# Problem details:
No pictures go in the copy. Restate, word for word, each line from the one containing "Сборная модель ZVEZDA" through the last line below.
Start of Records to process
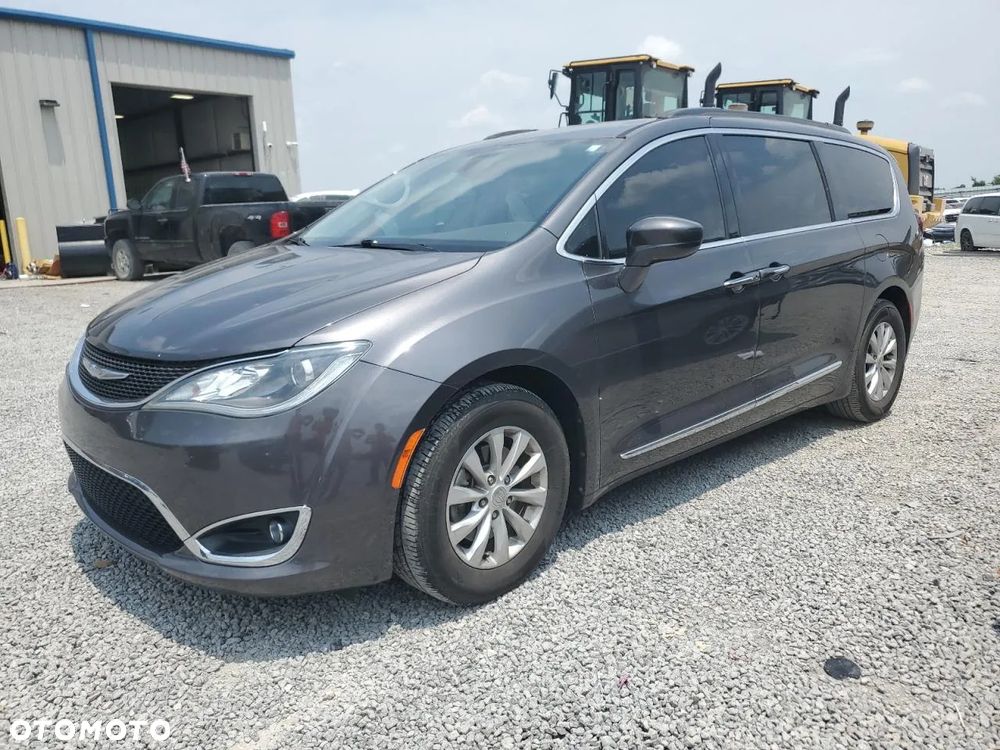 Chrysler Pacifica - 1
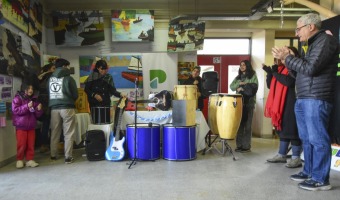 MS HERRAMIENTAS PARA CREAR: LA SECUNDARIA N4 RECIBI INSTRUMENTOS MUSICALES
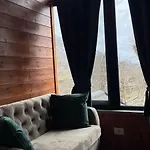 Bar Restorant Geshtenja Отель *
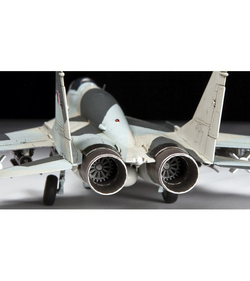 Сборная модель ZVEZDA Многоцелевой фронтовой истребитель МиГ-29 СМТ, 1/72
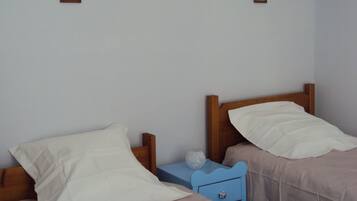 4 bedrooms, in-room safe, desk, free WiFi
End of Records to process
# Answer box:
 Сборная модель ZVEZDA Многоцелевой фронтовой истребитель МиГ-29 СМТ, 1/72
 4 bedrooms, in-room safe, desk, free WiFi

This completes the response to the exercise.